It follows, therefore, as matter of fact, that Buell and his associates were not only the directors of the corporation, but were the agents of the stockholders now complaining, elected by him and permitted to remain in office by his failure to exercise his power to remove them. Such being the case, he is estopped upon the plainest principles of equity, to ask any character of relief, prejudicial to the rights of the mortgagee and the holders of the bonds of the corporation.
The lease secured to Alexander was no lien on the property of the company for the payment of the rents of such of his houses and tenants as it might choose to use and occupy. Appellants lost their landlord's lien for the last year's rent, by failing to commence proceedings for more than four months after it became due. The company had possession of the personal property purchased from Alexander, under a contract of purchase, at the time the mortgage was executed to Elliott & Riggs. Their lien upon that property cannot therefore be successfully controverted.
Lindsay, for appellants.
Eaves, for appellees.
The supplemental agreement provides that the movable property purchased by the company should be valued, and a promissory note executed for the value, payable in five years, with interest. The time from which the interest was to run is not stated, but the natural presumption is that it should run from the date of the valuation. This was made in July, 1868, and interest is allowed from that date. If a note was executed providing differently, appellant should have filed it with their petition.

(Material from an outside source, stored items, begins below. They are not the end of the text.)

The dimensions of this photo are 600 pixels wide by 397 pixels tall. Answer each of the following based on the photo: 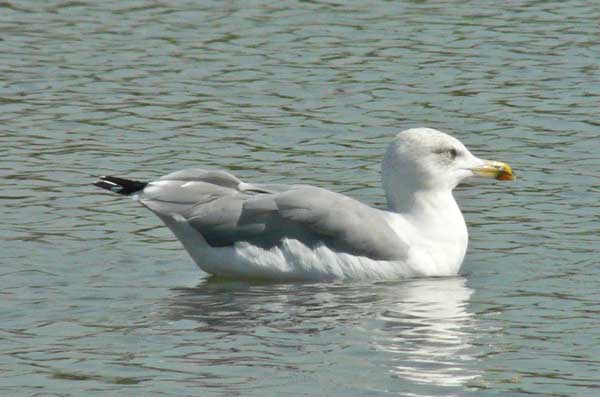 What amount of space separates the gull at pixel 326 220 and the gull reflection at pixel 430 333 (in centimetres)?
32

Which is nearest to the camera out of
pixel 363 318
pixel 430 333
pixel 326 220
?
pixel 430 333

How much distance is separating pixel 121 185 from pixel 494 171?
295 cm

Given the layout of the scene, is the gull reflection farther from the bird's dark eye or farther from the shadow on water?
the bird's dark eye

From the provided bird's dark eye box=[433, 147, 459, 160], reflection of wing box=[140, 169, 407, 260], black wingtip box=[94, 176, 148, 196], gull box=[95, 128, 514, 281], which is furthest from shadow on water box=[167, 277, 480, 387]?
bird's dark eye box=[433, 147, 459, 160]

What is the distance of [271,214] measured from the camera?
12.7 metres

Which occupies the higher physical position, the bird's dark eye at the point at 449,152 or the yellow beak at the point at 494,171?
the bird's dark eye at the point at 449,152

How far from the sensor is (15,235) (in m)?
13.7

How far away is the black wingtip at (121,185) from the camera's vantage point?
1281cm

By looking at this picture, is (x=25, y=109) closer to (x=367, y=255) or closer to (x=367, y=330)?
(x=367, y=255)

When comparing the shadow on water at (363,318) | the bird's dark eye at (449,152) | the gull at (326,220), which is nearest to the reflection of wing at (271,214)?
the gull at (326,220)

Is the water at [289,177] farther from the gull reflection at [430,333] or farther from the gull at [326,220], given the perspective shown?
the gull at [326,220]

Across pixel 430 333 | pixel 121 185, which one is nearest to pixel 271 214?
pixel 121 185

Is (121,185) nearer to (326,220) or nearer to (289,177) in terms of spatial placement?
Answer: (326,220)

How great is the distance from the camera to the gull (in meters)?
12.6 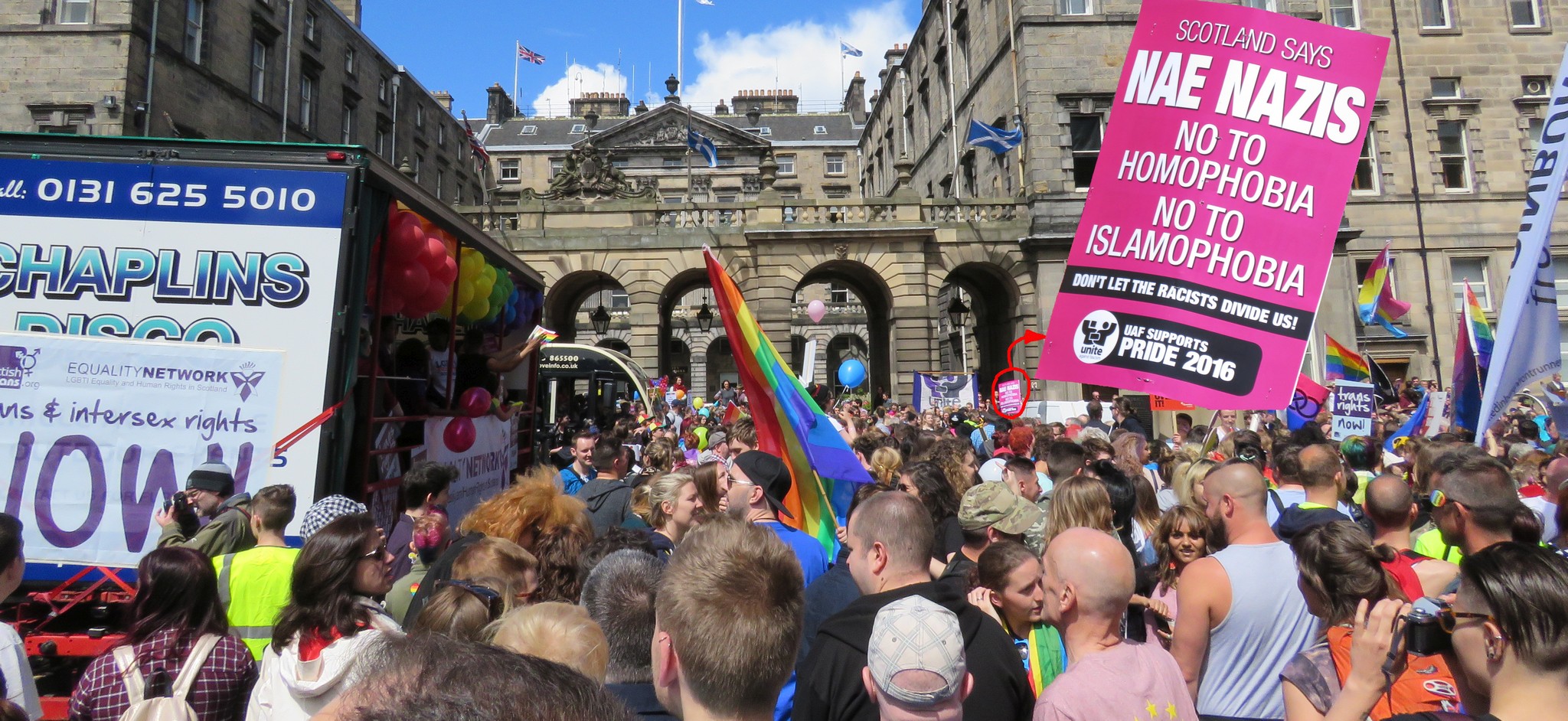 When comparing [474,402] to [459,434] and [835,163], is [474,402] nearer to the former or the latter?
[459,434]

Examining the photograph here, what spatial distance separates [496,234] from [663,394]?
7.77 m

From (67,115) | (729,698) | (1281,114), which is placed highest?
(67,115)

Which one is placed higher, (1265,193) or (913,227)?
(913,227)

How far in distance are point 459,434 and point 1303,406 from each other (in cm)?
1195

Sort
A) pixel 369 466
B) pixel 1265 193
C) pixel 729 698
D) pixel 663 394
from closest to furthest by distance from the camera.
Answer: pixel 729 698 < pixel 369 466 < pixel 1265 193 < pixel 663 394

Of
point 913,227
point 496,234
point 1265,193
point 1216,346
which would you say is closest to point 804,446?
point 1216,346

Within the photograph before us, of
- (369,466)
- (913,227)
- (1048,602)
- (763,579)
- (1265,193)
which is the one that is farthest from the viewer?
(913,227)

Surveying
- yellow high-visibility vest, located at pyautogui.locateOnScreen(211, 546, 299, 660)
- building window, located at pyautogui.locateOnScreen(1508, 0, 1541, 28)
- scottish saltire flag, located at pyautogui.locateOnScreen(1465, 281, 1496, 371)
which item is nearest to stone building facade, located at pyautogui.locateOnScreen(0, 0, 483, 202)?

We perceive no error in the judgment of the court below. We appreciate the difficulties likely to result to appellants from the condition in which the judgment will leave the leased premises, but these difficulties result from the contract voluntarily entered into by their intestate, and from his failure to exercise the power possessed by him-, to direct the management of the corporation to which he executed the lease. The courts can not relieve against such hardships. Judgement affirmed.